Einige haben Glück gehabt. Der eine wurde Lehrer und sieht einer sicheren Beamtenkarriere entgegen. Die andere hat Pech: hochintelligent, fertig ausgebildete Ärztin – und findet keinen Job. Jetzt denkt sie über Ausland nach. Brilliant, wie der Staat erst Millionen in die Ausbildung steckt und die Leute dann mehr oder weniger wegschickt. Aber gut, weg von der VWL, zurück zu Thema.

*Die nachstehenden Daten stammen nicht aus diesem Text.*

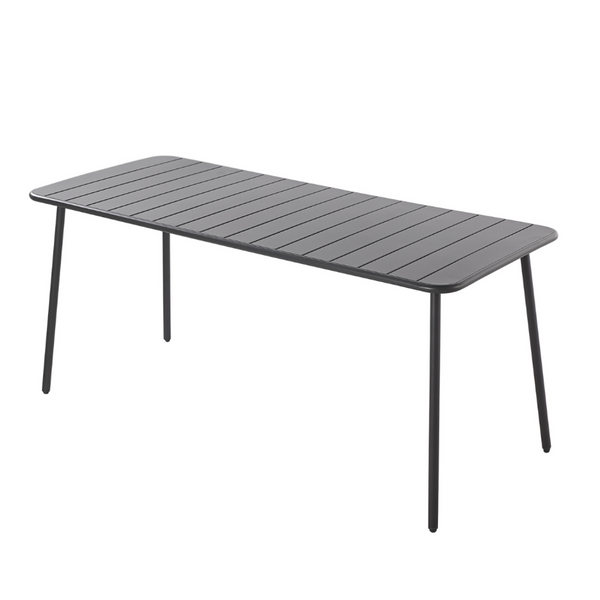 Table de jardin en acier 6 places - EVORA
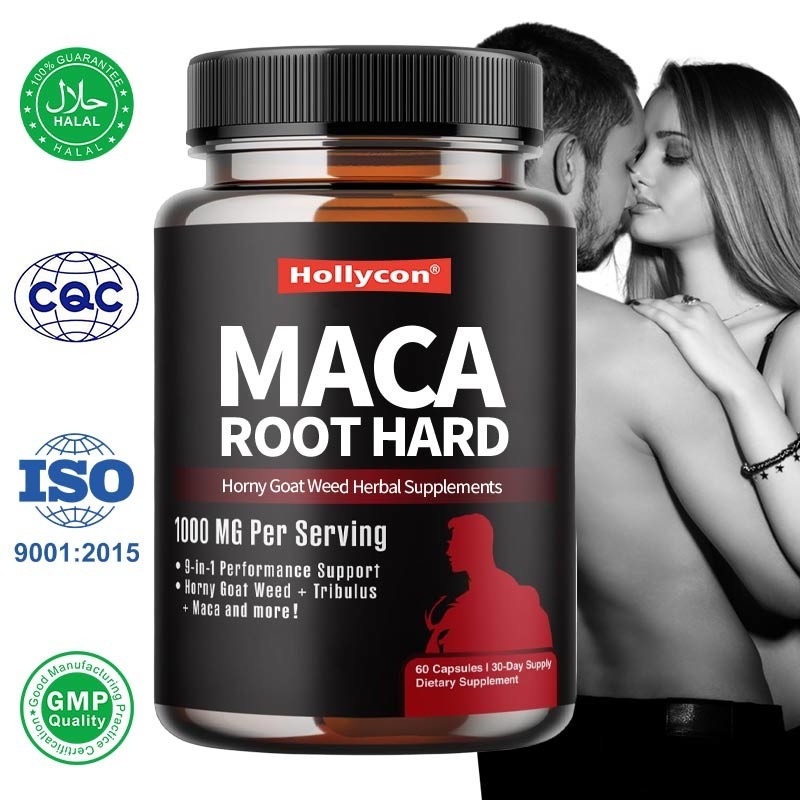 Pribadi Label Maca Herbal Suplemen Horny Kambing Rumput Kapsul keras Untuk meningkatkan energi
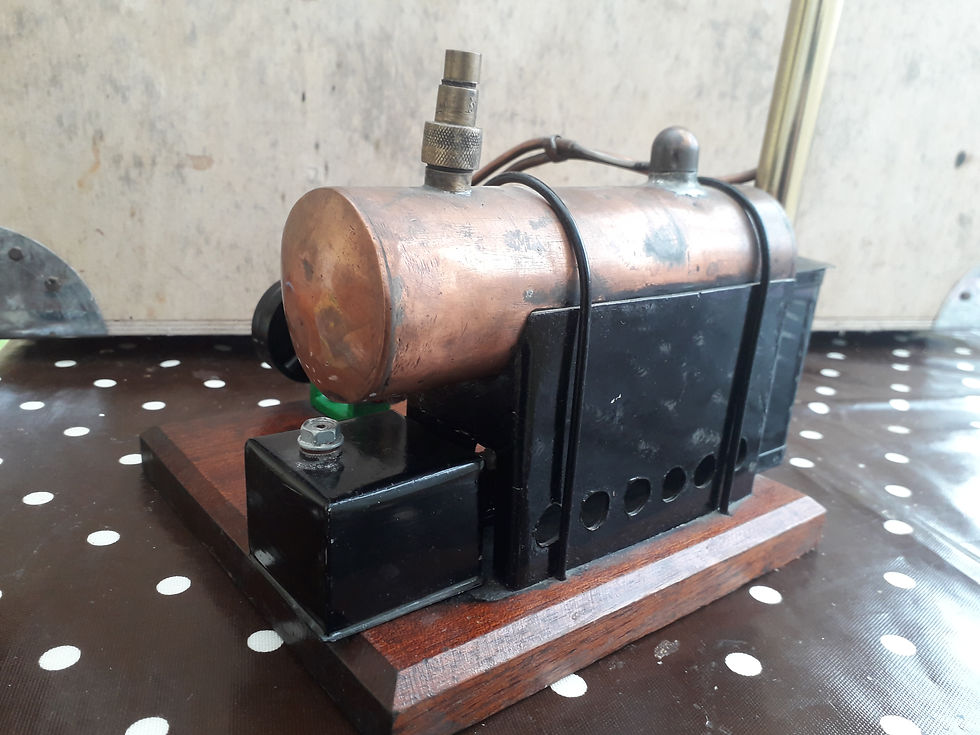 Thumbnail: Scratchbuilt live steam horizontal stationary engine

Auch ich hatte seinerzeit aufgrund diverser künstlerischer Fähigkeiten, die mir in die Wiege gelegt wurden, darüber nachgedacht, etwas im musikalischen Bereich zu machen – und mich dann dennoch zugunsten einer Tätigkeit “in der Wirtschaft” (wie man so schön sagt) entschieden. Ich habe die Pläne seinerzeit simpel und einfach wegen der Berufsaussichten wieder verworfen. Eine weise Wahl im Nachhinein.
Der eine oder andere mag jetzt sagen: Wie desillusioniert.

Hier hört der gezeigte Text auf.